My Father's Life as a Black Spy Who Witnessed the Assassination of Martin Luther King Jr.

by Leta McCollough Seletzky

Pub Date: April 4th, 2023
ISBN: 9781640094727
Publisher: Counterpoint

As reconstructed by his daughter, the life of an undercover police officer present at the assassination of Martin Luther King Jr.

The famous photograph of a mortally wounded King on the balcony of the Lorraine Hotel in Memphis shows three people pointing at the window where the bullet came from and one man kneeling at King’s side.
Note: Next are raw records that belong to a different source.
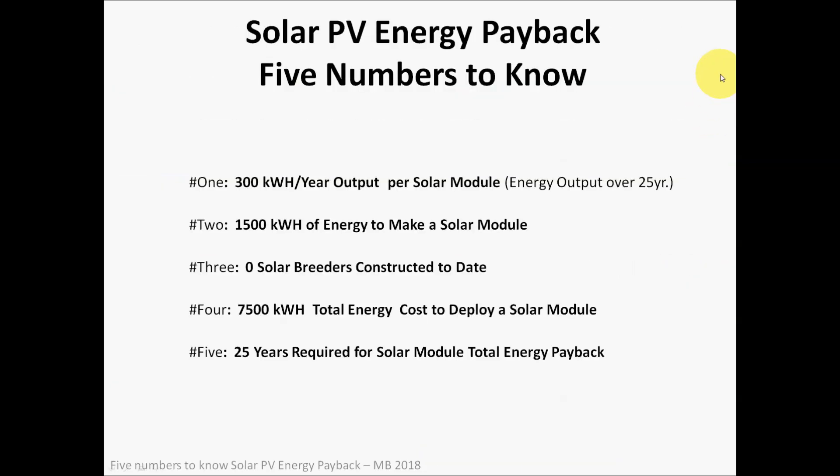To recap — five numbers to know about solar PV energy payback: 300 kilowatt hours per year output per solar module as an optimistic estimate; 1,500 kilowatt hours of energy to manufacture a solar module; zero solar breeders constructed to date; 7,500 kilowatt hours total energy cost to deploy a solar module; and 25 years required for the solar module to pay back its total energy cost. I hope you enjoyed it — feel free to comment and subscribe.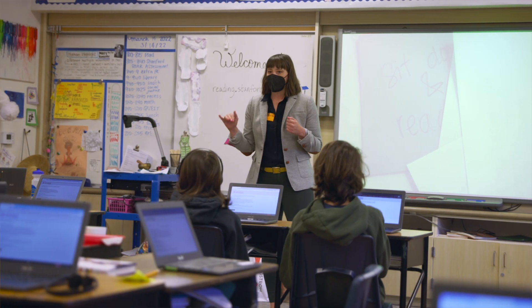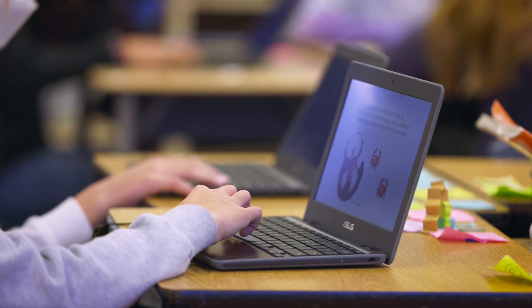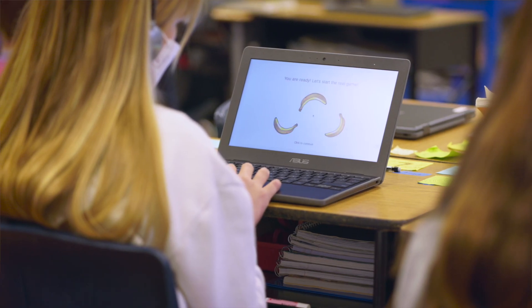ROAR is a Rapid Online Assessment of Reading, which is a set of reading screeners to assess foundational reading skills. It can be used to detect children that are struggling, that are falling behind, and also be used to monitor how children's reading abilities are growing over time.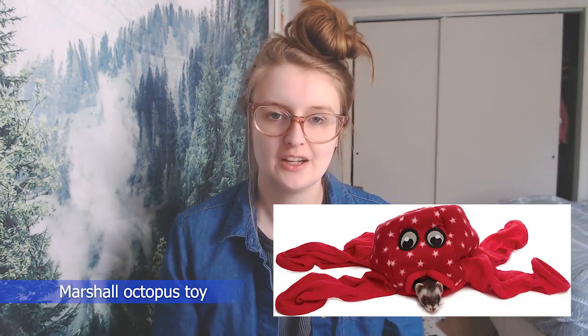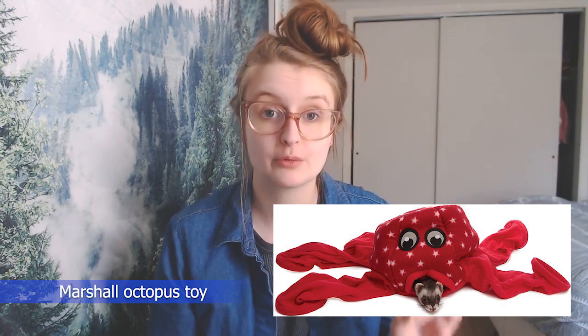Number six: the Marshall Octopus brand toy. If you have this toy right now, throw it out ASAP. This toy is responsible for killing ferrets because the inner polyester lining is very easily shredded. Ferrets have been able to shred holes and tears in it, and then get caught up in the threading and die. Unfortunately, this toy is not safe.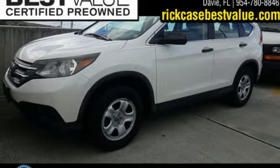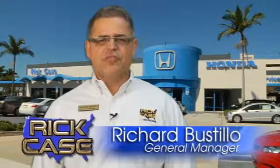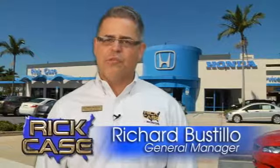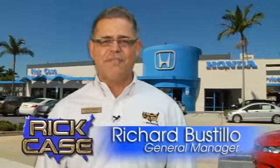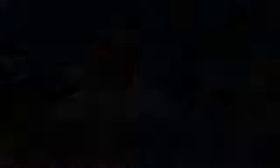You'll never know until you try. Test drive it today. This is just one of the dozens of great values you'll find here at the Rick Case Honda Pre-Owned Superstore on I-75 and Griffin Road.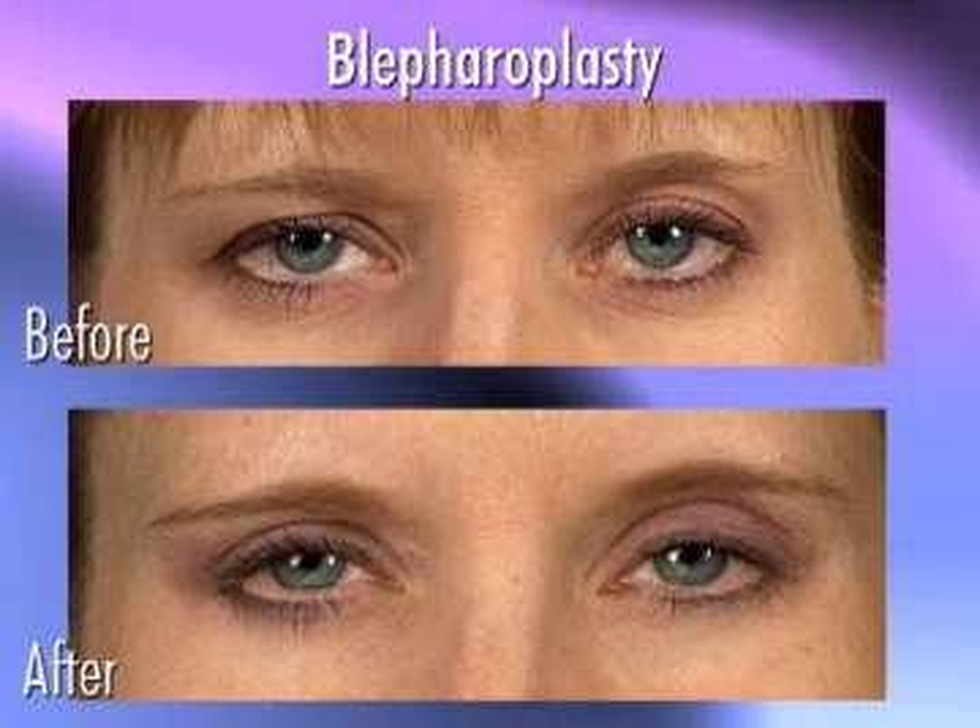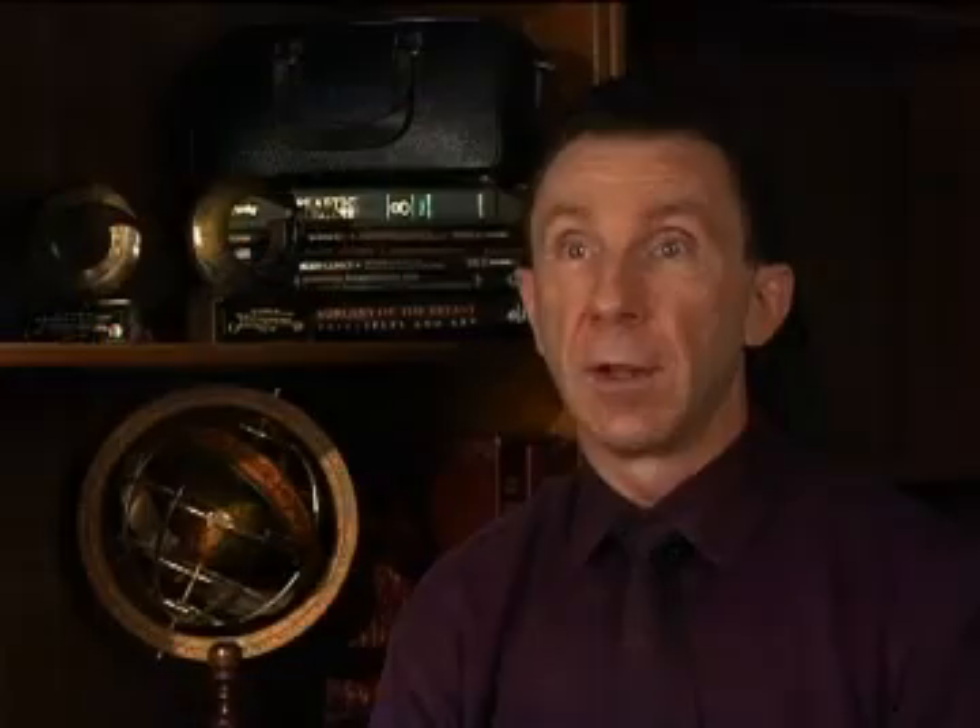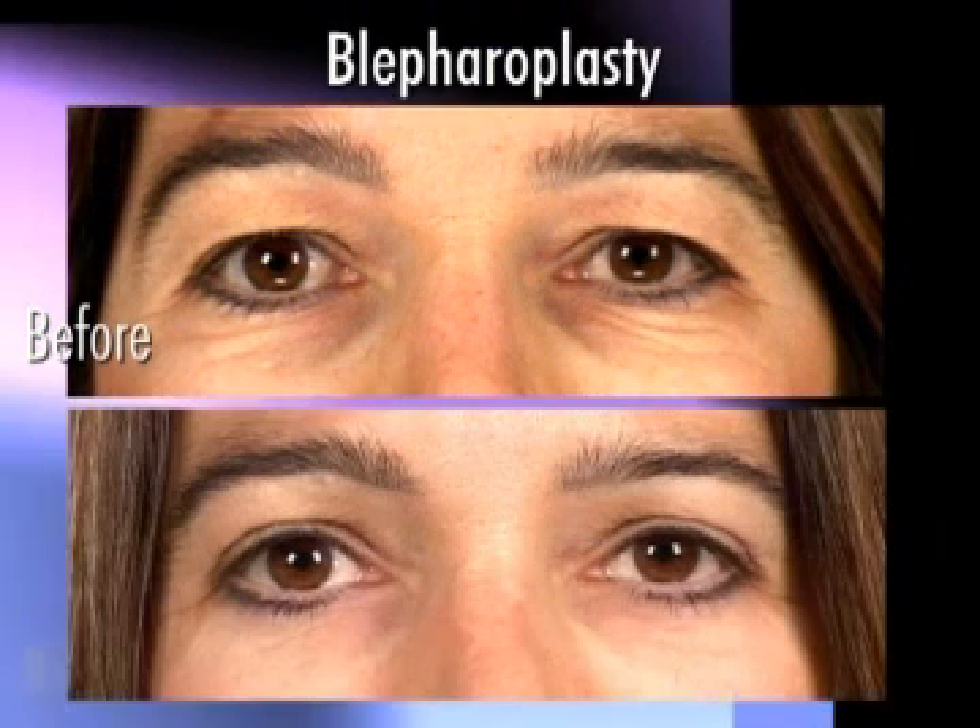The lower eyelid is probably the most complicated area in terms of the extra tissue. There can be extra skin, there can be some extra fat, or often there'll be even hollowness. So we can do a couple different procedures depending on what exactly the problem is to give the best possible result in that area.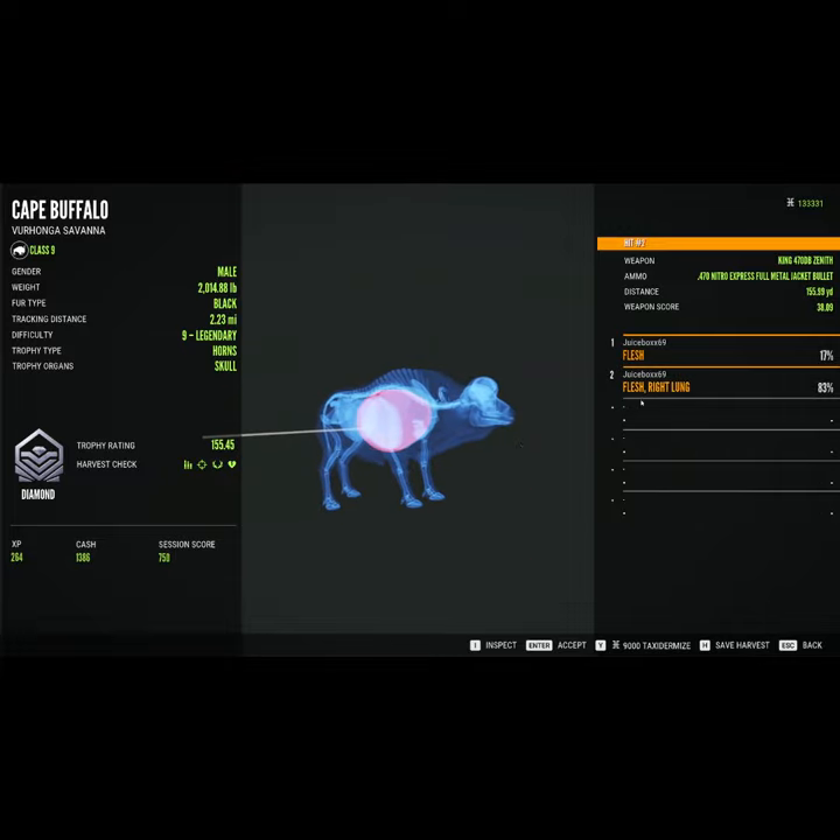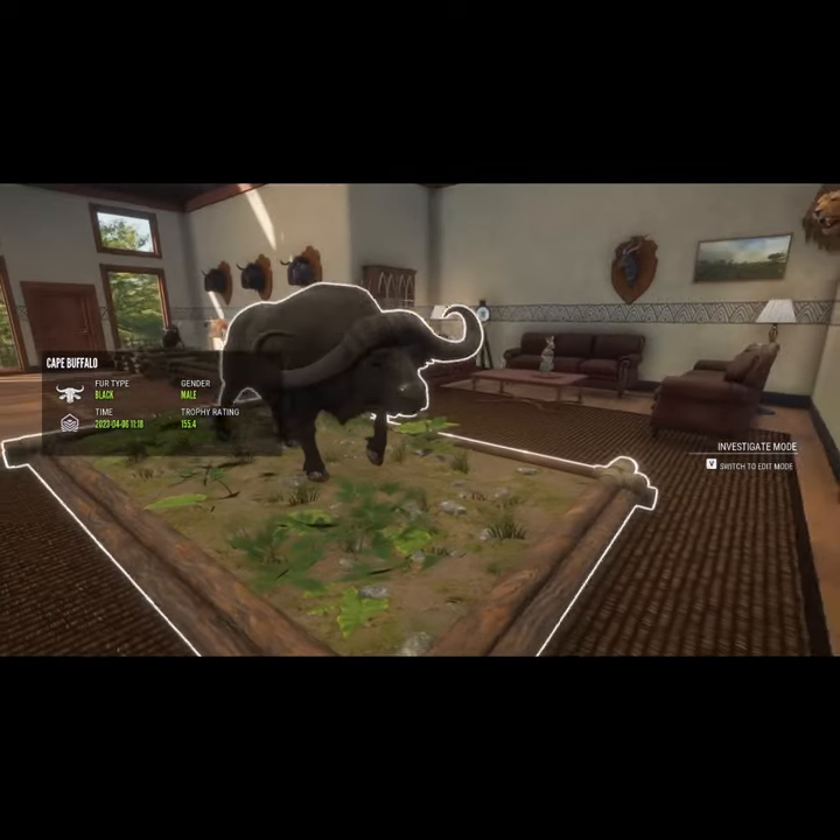The second follow-up was good, and there's our diamond cape buffalo in the lodge. That is really cool.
The kneeling man was Marrell “Mac” McCullough, then an undercover agent for the Memphis Police Department, later a CIA officer. “Dad came and went, but the black-and-white image of horror remained, unalterable and mute,” writes litigator and essayist Seletzky, who excavates the facts of her father’s life, many of which he was reluctant to discuss for reasons both personal and professional. Many questions remain: Mac, for instance, remembers the smell of gunpowder at the site of King’s murder, leading him to suspect that an exploding bullet was involved. At the time, that material was only available to the military, leading eyewitness Andrew Young to tell the author, “I don’t want to be in a position to think that high officials in our government arranged to kill my friend.” Mac was called before congressional investigators who questioned whether he himself was involved in the assassination. We will likely never know whether the government or Memphis police had anything to do with the murder, and, to judge by his daughter’s account, Mac is the kind of man who will take secrets to his grave. Fully aware through hard personal experience of Southern racism, why was McCullough so willing to act as a spy among Black Power student groups? Seletzky’s approach is nuanced, weaving her father's story and its many loose threads into her own—e.g., when she considers the racism of his era in light of the present and “the creeping feeling that I had more neighbors supporting Trump than I’d ever imagined.”

Students of 1960s anti-war movements and civil rights history will find useful information in this revealing footnote.